This section describes the support Internet Explorer 11 and later provides for the W3C Web Cryptography API.
Web Cryptography API objects.
Web Cryptography API methods.
Web Cryptography API events.
Web Cryptography API properties.
The following cryptographic algorithms are supported in IE11 and later:
- AES-CBC: for encrypt, decrypt, generateKey, importKey, and exportKey.
- AES-GCM: for encrypt, decrypt, generateKey, importKey, and exportKey.
- AESKW: for generateKey, and the keyEncryptionKey parameter of wrapKey and unwrapKey (for details, see KeyWrap Proposal).
- RSAES-PKCS1-v1_5: for encrypt, decrypt, generateKey, importKey, and exportKey.
- RSA-OAEP: for encrypt, decrypt, generateKey, importKey, and exportKey.
- RSASSA-PKCS1-v1_5: for sign, verify, generateKey, importKey, and exportKey.
- HMAC: for sign, verify, generateKey, importKey, and exportKey.
- SHA1/SHA-256/SHA-512/SHA-384: for digest and are the only supported hashes for the other algorithms.
In IE11 and later, Web Cryptographic keys can be stored in IndexedDB and if so, are bound to a specific user and device.
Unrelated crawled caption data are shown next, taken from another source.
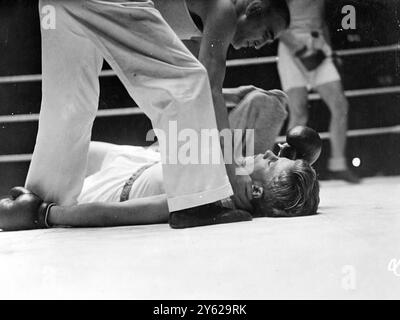 Obwohl Großbritannien das Amateurboxspiel mit Dänemark im Wembley Empire Pool mit einem 5:3-Sieg gewann, zeigten die dänischen Boxer am Abend eine gute Präsentation von Ringbooten. Dänemark gewann das Fliegengewicht und die Federgewichte sowie die Weltergewichtskämpfe, während die Heimmannschaft den Rest der Karte absetzte. Das Bild zeigt: "Out by the Bell" der 19-jährige G. Hansen von Dänemark lügt vom britischen F.. Glocke in der ersten Runde des Schwergewichtswettbewerbs. 27. November 1947 Stockfoto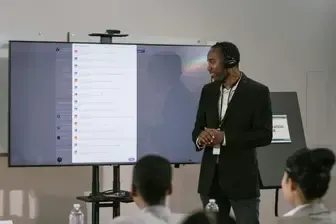 Man in suit presents to a group, with a large screen displaying text and a camera above.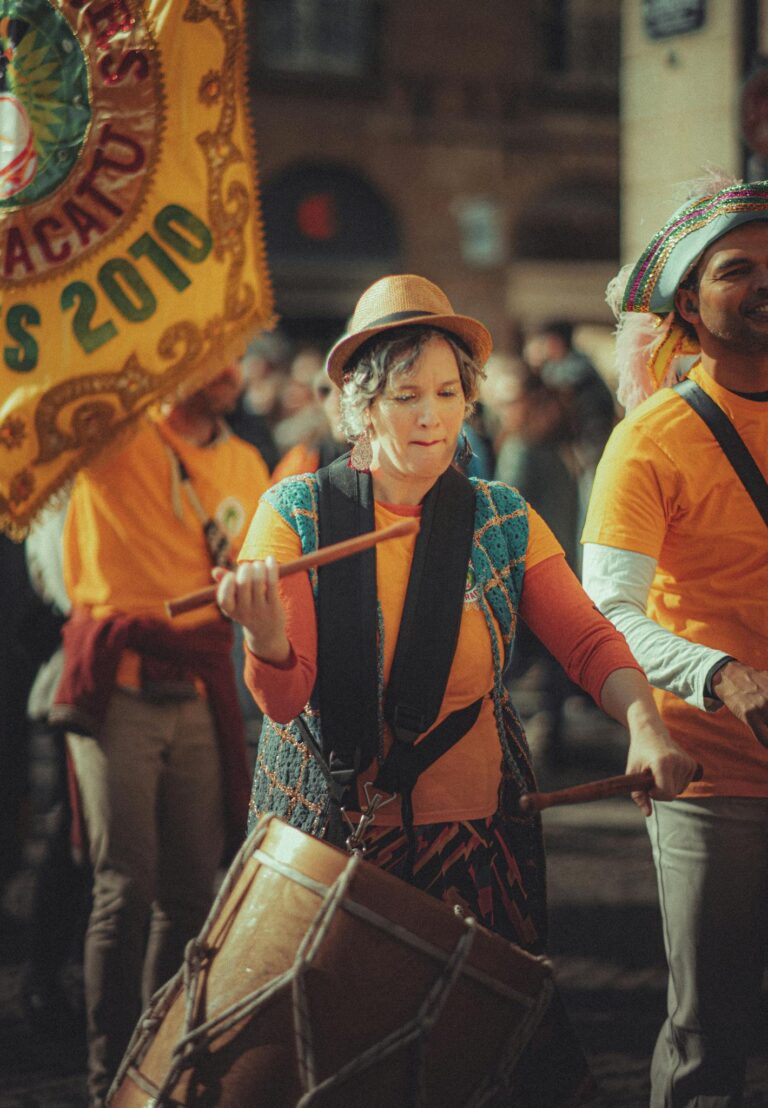 Colorful street parade featuring drummers and vibrant costumes, creating a lively festive atmosphere.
That is, keys stored in IndexedDB cannot be used by different users or moved to different computers. A browser-specific key is used to encrypt all Web Cryptographic keys before storing them in IndexedDB, as follows:
- A key-wrapping key is derived from the browser-specific key using a randomly generated salt (see SP 800-108).
- The key-wrapping key is used to encrypt the Web Cryptographic key using AES Key Wrap and AES-GCM.
- The result of the prior operation is stored on disk in the IndexedDB store.
The browser-specific key is randomly generated the first time a key is stored in IndexedDB. Clearing the browser’s cache will delete this browser-specific key from the system, permanently preventing any previously stored keys in IndexedDB from being accessed. The next time a key is stored in IndexedDB, a new browser-specific key will be generated, and the above process will be repeated. The browser-specific key is stored on disk and is protected by DPAPI and, optionally, by mechanisms such as BitLocker Drive Encryption.